*** Opening Listed records ***

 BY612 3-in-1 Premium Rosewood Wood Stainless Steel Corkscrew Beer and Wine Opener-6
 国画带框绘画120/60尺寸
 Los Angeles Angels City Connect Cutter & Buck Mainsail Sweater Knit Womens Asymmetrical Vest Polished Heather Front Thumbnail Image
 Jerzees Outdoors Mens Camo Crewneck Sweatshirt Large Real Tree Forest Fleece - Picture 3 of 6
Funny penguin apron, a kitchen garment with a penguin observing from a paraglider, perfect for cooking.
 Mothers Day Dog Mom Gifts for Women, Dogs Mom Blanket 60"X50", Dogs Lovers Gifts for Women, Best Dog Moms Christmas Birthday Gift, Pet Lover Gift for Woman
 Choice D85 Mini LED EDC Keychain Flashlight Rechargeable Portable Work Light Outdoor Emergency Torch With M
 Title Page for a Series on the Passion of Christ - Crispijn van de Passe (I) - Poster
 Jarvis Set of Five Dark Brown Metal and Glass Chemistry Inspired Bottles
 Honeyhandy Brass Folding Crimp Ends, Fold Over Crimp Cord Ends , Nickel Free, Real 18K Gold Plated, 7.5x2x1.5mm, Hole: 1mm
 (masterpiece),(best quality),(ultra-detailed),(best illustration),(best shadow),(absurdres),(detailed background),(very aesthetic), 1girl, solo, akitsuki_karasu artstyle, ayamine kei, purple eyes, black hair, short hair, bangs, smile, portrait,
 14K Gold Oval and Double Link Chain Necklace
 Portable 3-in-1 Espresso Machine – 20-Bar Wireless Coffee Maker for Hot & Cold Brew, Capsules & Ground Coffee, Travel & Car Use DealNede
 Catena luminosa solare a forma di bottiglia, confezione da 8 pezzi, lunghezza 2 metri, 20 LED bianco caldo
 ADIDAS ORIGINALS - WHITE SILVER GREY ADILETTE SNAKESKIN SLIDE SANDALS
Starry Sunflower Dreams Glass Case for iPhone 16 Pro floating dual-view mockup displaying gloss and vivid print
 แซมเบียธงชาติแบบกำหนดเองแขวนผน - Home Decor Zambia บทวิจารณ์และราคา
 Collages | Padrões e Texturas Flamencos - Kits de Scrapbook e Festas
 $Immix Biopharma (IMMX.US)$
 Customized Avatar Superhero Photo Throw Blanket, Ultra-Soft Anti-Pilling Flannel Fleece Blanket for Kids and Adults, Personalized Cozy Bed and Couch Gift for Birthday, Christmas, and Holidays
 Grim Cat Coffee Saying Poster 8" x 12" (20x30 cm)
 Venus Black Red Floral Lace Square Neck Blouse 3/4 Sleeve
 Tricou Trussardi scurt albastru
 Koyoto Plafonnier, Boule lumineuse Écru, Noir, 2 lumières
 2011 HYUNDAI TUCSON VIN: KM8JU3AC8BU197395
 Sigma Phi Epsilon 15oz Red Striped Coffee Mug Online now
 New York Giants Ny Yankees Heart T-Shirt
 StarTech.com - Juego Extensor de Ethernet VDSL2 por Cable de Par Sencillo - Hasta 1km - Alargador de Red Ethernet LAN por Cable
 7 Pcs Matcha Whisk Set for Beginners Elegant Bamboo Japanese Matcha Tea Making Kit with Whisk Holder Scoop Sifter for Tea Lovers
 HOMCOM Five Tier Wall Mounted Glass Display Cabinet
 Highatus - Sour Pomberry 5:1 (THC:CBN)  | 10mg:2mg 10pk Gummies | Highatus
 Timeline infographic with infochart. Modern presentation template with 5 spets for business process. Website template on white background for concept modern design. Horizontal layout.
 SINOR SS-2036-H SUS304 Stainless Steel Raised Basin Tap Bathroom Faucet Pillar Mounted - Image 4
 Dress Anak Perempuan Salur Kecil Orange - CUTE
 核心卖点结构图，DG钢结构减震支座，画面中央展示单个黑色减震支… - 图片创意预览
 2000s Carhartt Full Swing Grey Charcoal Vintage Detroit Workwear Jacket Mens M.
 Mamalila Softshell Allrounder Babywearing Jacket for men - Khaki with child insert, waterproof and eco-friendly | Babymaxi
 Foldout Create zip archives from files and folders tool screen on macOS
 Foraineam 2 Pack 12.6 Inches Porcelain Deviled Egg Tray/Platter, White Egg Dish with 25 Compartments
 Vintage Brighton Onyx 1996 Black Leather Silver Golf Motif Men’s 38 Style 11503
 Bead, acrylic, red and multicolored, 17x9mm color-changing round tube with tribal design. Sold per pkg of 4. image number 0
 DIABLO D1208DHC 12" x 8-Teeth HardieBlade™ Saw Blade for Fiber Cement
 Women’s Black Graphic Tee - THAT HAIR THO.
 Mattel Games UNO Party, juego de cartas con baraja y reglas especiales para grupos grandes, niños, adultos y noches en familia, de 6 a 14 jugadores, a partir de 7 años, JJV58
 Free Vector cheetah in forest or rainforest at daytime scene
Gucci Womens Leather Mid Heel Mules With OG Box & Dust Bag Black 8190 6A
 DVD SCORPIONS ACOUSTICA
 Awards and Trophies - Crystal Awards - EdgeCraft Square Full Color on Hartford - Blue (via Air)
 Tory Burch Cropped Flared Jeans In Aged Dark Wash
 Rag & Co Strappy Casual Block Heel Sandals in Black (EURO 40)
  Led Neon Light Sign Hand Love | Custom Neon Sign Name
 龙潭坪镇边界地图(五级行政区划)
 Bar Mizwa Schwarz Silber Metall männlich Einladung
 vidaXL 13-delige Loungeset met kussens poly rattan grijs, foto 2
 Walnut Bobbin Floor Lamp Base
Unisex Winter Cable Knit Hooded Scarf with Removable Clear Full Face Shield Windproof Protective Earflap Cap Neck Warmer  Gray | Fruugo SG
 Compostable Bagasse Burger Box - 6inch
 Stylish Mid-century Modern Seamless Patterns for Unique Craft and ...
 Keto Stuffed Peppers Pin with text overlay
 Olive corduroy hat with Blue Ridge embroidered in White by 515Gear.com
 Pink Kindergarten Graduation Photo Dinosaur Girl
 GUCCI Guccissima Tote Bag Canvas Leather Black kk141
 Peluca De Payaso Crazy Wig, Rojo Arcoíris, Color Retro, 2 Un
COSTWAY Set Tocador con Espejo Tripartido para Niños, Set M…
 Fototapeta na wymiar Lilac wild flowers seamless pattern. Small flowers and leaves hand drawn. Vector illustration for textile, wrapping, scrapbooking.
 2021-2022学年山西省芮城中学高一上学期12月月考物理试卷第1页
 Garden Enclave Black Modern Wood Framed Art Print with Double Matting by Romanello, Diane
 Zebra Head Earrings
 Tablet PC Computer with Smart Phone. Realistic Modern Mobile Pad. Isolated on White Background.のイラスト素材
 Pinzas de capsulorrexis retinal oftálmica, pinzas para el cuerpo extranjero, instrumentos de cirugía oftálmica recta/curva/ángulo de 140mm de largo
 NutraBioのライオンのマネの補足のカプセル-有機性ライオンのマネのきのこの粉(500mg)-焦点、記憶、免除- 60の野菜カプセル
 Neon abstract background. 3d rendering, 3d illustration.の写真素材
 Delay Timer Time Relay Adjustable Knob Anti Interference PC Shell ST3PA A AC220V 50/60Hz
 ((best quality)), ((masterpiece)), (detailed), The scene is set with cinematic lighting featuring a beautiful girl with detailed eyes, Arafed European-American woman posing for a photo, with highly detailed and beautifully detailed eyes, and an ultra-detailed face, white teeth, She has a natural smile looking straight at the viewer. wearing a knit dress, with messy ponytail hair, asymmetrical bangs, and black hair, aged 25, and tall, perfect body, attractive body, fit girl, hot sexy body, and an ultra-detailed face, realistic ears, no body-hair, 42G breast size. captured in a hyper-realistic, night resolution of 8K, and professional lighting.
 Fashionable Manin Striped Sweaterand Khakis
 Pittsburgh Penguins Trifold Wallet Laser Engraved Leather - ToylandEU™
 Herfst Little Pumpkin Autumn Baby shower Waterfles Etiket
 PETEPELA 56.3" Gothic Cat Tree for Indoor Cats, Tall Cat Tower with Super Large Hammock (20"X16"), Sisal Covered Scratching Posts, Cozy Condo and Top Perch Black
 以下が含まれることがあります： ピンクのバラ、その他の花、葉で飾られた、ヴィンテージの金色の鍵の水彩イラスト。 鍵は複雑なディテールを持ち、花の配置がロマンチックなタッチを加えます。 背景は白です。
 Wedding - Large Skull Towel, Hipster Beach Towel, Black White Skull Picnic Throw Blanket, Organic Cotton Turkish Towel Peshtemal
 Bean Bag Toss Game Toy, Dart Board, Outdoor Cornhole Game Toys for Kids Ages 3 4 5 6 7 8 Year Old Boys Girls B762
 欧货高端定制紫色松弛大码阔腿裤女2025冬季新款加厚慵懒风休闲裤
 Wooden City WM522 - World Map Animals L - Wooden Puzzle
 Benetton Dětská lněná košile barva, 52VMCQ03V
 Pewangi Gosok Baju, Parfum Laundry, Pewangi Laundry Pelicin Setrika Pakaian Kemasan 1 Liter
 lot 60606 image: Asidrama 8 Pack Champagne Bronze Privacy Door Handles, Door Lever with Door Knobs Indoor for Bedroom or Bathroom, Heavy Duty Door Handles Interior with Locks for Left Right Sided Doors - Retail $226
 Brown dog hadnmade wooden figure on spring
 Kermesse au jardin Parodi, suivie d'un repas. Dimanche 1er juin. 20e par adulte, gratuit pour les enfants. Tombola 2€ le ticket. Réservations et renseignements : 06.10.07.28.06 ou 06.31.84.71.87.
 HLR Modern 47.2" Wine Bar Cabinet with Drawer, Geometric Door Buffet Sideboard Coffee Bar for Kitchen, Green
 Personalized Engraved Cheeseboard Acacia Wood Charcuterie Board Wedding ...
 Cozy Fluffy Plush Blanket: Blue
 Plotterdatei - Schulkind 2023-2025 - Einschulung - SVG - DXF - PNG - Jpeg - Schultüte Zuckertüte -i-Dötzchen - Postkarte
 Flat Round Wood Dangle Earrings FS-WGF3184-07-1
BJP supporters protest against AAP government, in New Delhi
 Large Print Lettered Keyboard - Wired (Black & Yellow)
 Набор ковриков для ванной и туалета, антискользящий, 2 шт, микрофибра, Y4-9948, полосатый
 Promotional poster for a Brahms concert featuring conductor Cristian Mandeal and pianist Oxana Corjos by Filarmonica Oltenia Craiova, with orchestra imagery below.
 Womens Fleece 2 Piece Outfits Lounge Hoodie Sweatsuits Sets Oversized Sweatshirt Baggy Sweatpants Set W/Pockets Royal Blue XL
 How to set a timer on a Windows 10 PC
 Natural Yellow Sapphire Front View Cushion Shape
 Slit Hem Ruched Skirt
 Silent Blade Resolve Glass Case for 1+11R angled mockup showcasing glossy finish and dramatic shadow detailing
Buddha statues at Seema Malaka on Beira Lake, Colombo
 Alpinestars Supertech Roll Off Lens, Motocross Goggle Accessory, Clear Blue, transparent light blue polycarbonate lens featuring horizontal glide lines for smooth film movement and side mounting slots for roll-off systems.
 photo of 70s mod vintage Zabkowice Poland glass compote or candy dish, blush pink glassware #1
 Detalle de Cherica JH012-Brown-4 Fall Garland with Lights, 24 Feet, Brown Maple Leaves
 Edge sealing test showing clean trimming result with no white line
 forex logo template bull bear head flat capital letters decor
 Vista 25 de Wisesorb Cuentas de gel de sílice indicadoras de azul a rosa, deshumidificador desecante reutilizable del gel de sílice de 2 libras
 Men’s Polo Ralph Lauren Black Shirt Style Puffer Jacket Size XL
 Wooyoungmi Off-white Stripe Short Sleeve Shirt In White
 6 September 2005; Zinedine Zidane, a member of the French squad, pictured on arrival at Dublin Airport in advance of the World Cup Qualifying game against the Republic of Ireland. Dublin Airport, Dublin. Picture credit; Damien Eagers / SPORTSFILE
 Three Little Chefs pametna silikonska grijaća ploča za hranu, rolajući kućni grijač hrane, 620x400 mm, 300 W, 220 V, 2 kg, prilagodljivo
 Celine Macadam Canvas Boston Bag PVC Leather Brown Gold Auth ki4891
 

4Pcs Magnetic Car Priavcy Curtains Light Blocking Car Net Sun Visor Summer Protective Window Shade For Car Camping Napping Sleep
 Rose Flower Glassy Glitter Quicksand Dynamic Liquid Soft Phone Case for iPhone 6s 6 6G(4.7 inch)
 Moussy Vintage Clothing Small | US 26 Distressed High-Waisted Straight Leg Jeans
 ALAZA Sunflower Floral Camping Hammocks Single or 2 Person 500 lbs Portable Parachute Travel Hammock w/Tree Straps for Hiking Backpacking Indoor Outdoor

*** Closing Listed records ***

● **Problem to solve**
All that is wanted is an exact copy of the lines above from the one with "Pink Kindergarten Graduation" through the one with "2021-2022学年山西省芮城中学高一上学期12月月考物理试卷第1页", with both ends included.

● **Your response**
 Pink Kindergarten Graduation Photo Dinosaur Girl
 GUCCI Guccissima Tote Bag Canvas Leather Black kk141
 Peluca De Payaso Crazy Wig, Rojo Arcoíris, Color Retro, 2 Un
COSTWAY Set Tocador con Espejo Tripartido para Niños, Set M…
 Fototapeta na wymiar Lilac wild flowers seamless pattern. Small flowers and leaves hand drawn. Vector illustration for textile, wrapping, scrapbooking.
 2021-2022学年山西省芮城中学高一上学期12月月考物理试卷第1页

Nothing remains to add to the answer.